> **Dataset entries**
◆ ◆ ◆ ◆ ◆ ◆ ◆
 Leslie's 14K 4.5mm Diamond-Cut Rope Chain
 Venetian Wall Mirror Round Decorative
◆ ◆ ◆ ◆ ◆ ◆ ◆
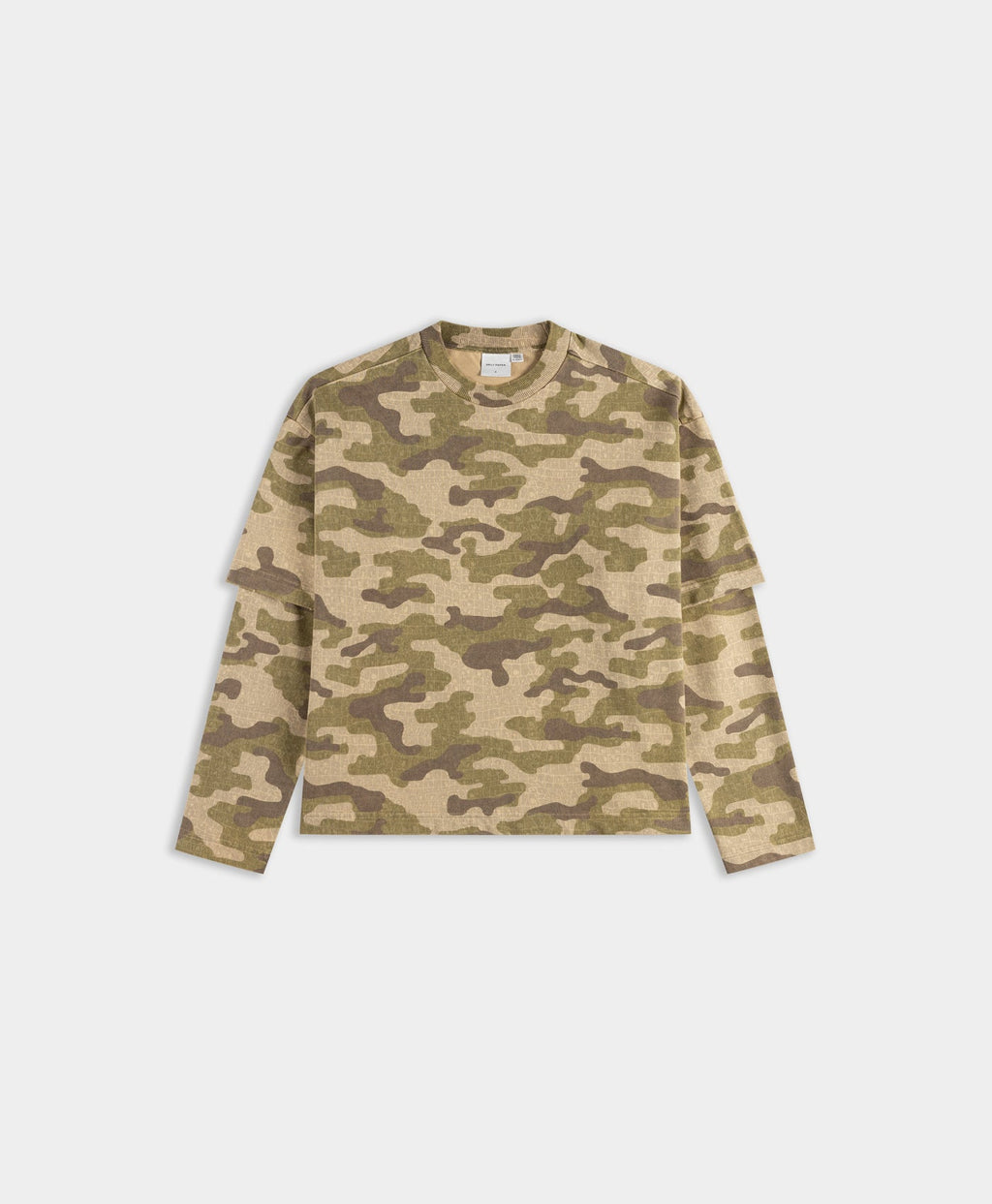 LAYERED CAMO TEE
◆ ◆ ◆ ◆ ◆ ◆ ◆
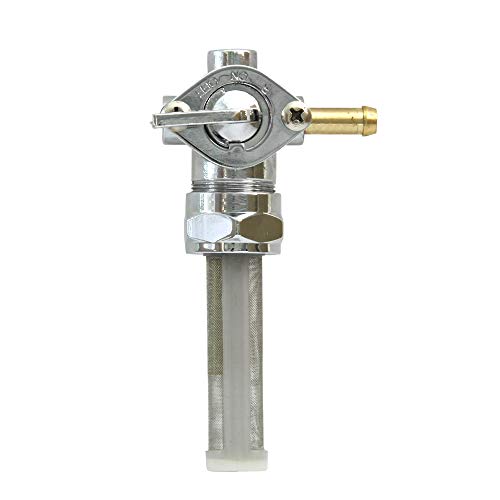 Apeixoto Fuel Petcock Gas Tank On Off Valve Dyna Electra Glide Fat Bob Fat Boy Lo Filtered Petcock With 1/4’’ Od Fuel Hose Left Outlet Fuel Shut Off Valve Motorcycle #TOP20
◆ ◆ ◆ ◆ ◆ ◆ ◆
Could you repeat exactly the lines above from the line with "Leslie's 14K 4.5mm Diamond-Cut Rope Chain" up to and including the line with "Venetian Wall Mirror Round Decorative", and only those?

 Leslie's 14K 4.5mm Diamond-Cut Rope Chain
 Venetian Wall Mirror Round Decorative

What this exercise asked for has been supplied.